* Work order
From the entries below, reproduce exactly the lines from the one with "Animals Turtles Common" through the one with "X0000103320616200810060956", both included, without images.

* Input data
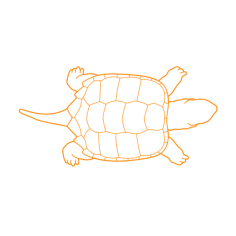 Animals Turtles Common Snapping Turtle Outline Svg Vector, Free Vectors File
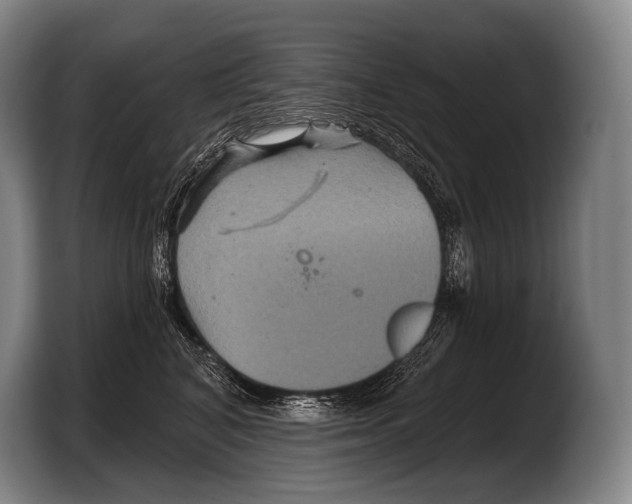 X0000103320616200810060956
--
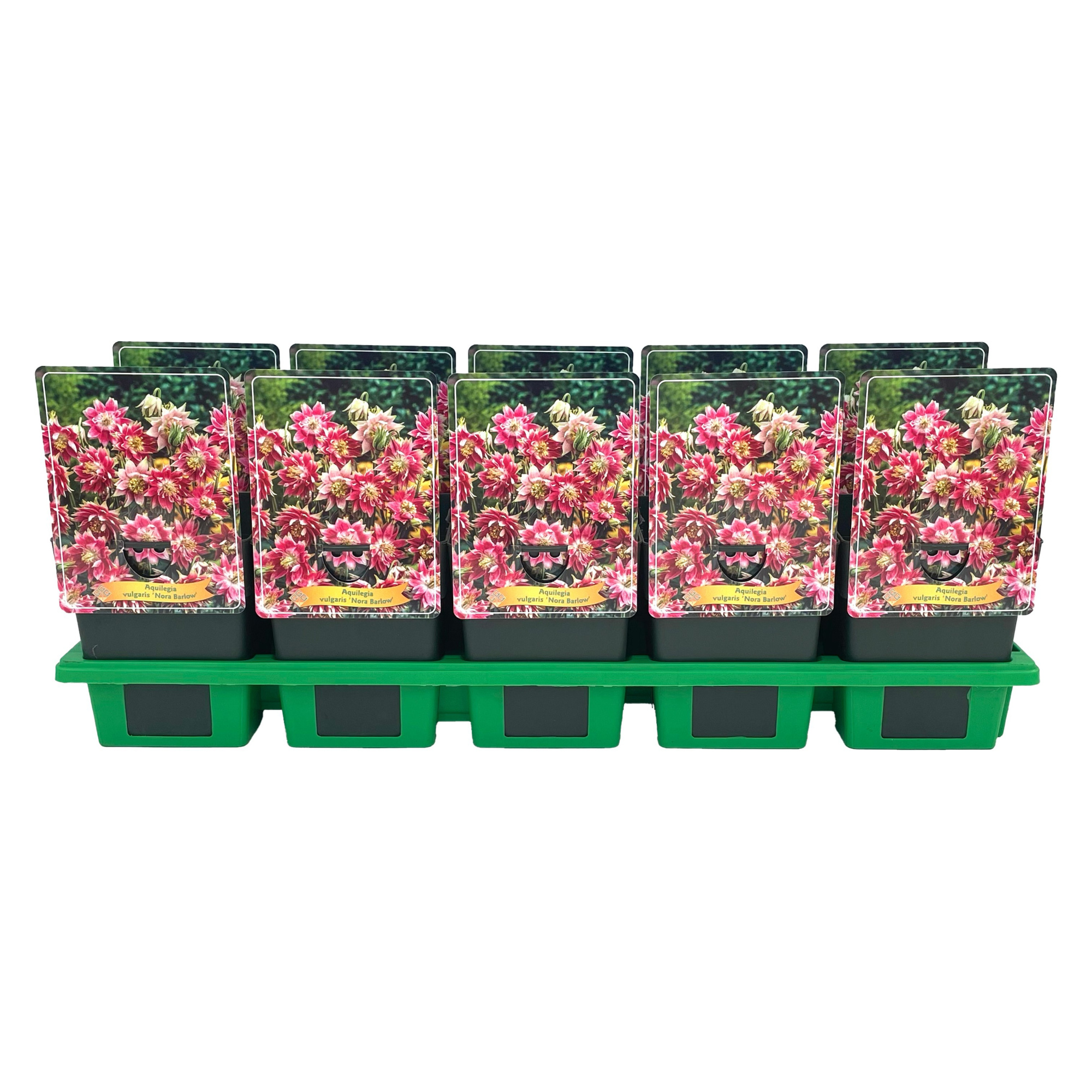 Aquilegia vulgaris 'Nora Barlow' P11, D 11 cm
* * *
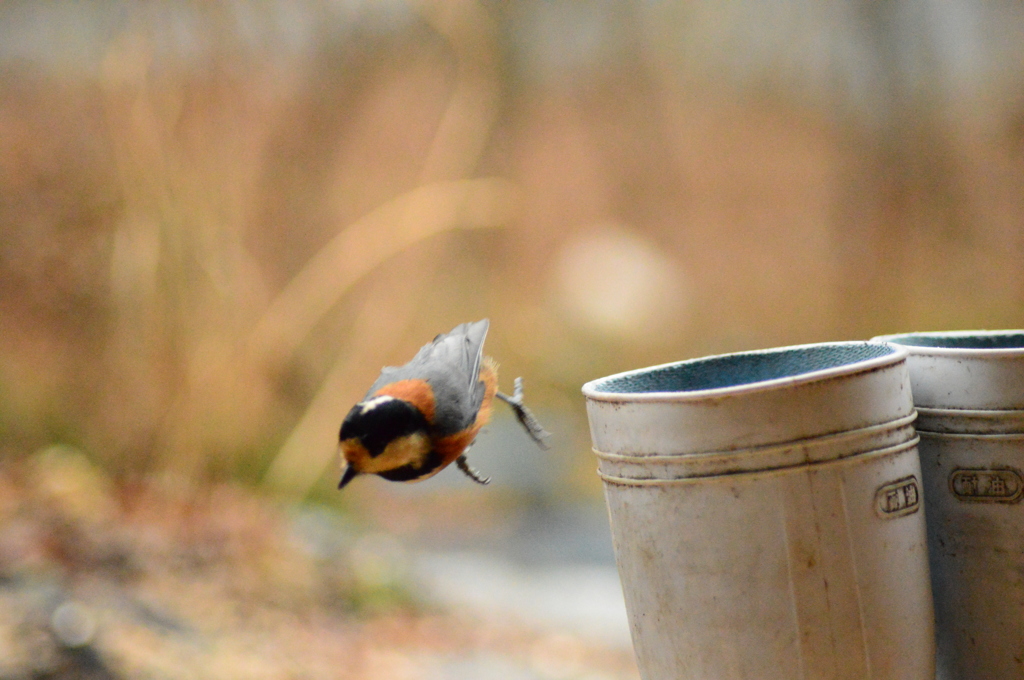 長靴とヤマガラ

* Reply to the exercise
 Animals Turtles Common Snapping Turtle Outline Svg Vector, Free Vectors File
 X0000103320616200810060956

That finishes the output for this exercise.